The short answer is: it depends — on where you're driving, who's asking to see it, and what the issuing source actually is. Digital international driver's licenses exist in various forms, but their legal standing is far from universal, and confusing a legitimate document with an unofficial one is a surprisingly easy mistake to make.
Before getting into digital formats, it helps to understand what an International Driving Permit (IDP) is — and isn't.
An IDP is a translation document. It doesn't replace your domestic driver's license; it accompanies it. When you drive in a foreign country, an IDP translates your license information into multiple languages so local authorities can read it. The IDP itself is only valid when presented alongside your original, valid domestic license.
IDPs are issued under the framework of two international road traffic conventions: the 1949 Geneva Convention and the 1968 Vienna Convention.

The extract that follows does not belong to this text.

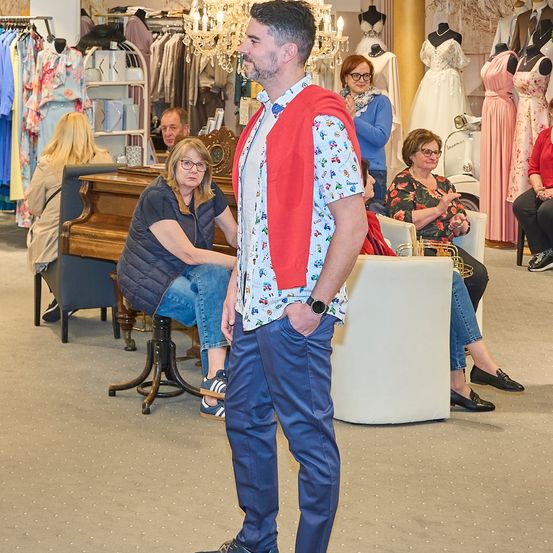 Ein Mann steht in einem Bekleidungsgeschäft, trägt eine rote Weste über einem gemusterten Hemd und blaue Jeans. Hinter ihm sitzen mehrere Frauen auf Stühlen und beobachten, während Mannequins im Hintergrund Kleider präsentieren.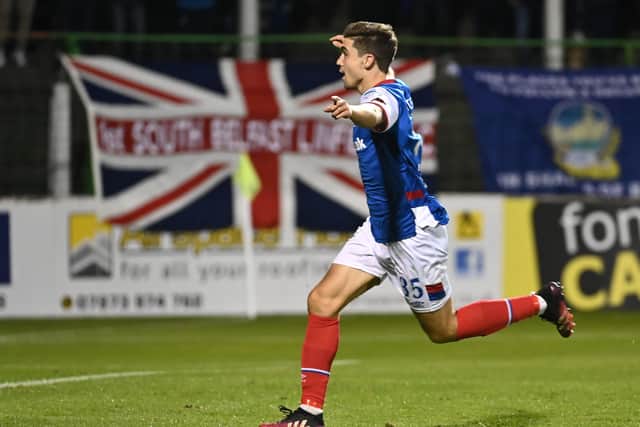 Cameron Palmer scores Linfield's third goal against Glentoran at The Oval.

Countries that are party to one or both of these conventions recognize IDPs issued under the applicable convention. Not every country is party to both, which is one reason IDP validity varies by destination.
In the United States, the American Automobile Association (AAA) and the American Automobile Touring Alliance (AATA) are the two organizations officially authorized to issue IDPs to U.S. residents. These are physical, paper-based booklets — not apps, not PDFs.
Here's where things get complicated. A number of websites and apps offer "digital international driver's licenses" or "digital IDPs" — sometimes for a fee, sometimes with official-looking seals or terminology. These are not recognized under any international driving convention and have no legal standing in any country that formally recognizes IDPs.
There is currently no internationally accepted digital IDP standard. The conventions that govern IDP recognition were written long before digital credentials existed, and they specify physical document formats. No update to those conventions has established a digital equivalent that foreign governments are obligated to accept.
Purchasing a "digital IDP" from an unofficial source doesn't give you the same document as one issued by an authorized organization — it gives you something that may look similar but carries no legal weight. Some travelers have been fined or refused rental vehicles because of this confusion.
When a traffic officer, border agent, or car rental company asks to see your international driving permit, they're looking for a specific document:
A screenshot on your phone, a downloaded PDF, or a credential from a third-party app does not meet these criteria — regardless of how it's labeled.
Some countries are experimenting with mobile driver's licenses (mDL) for domestic use, and a small number have frameworks in development for recognizing digital identity documents at various checkpoints. However, this is distinct from international driving permission.
| Document Type | Issued By | Format | International Recognition |
|---|---|---|---|
| IDP (U.S.) | AAA or AATA only | Physical booklet | Yes, in 150+ countries (varies by convention) |
| "Digital IDP" (third-party) | Unofficial websites/apps | Digital only | No recognized legal standing |
| Mobile Driver's License (mDL) | State DMVs (select states) | App-based | Domestic use only; not internationally recognized for driving |
| Foreign domestic license | Foreign government | Physical card | Accepted in some countries without an IDP; check destination rules |
The domestic mobile driver's license programs that some U.S. states have launched are a separate category entirely. They're designed for use within the U.S. — at TSA checkpoints, age-verification scenarios, and select law enforcement interactions — and are not connected to international driving permission.
Even setting aside the digital question, IDP requirements aren't uniform. Several factors affect what you'll actually need when driving abroad:
If you're a U.S. resident who needs a genuine IDP, the process involves applying in person or by mail through AAA or AATA, providing a valid U.S. driver's license, passport-style photos, and paying the applicable fee. The resulting document is a physical booklet — not a digital file.
There's no shortcut that produces an internationally recognized equivalent. The conventions that govern IDP recognition don't contemplate digital formats, and no workaround currently changes that.
Whether a digital credential ever gains formal international recognition for driving purposes is a policy question still being worked out in various regulatory bodies. For now, that recognition doesn't exist in any binding form.
What you need, where you're going, and what the local rules require at your destination are the pieces that determine whether any of this applies to your specific trip.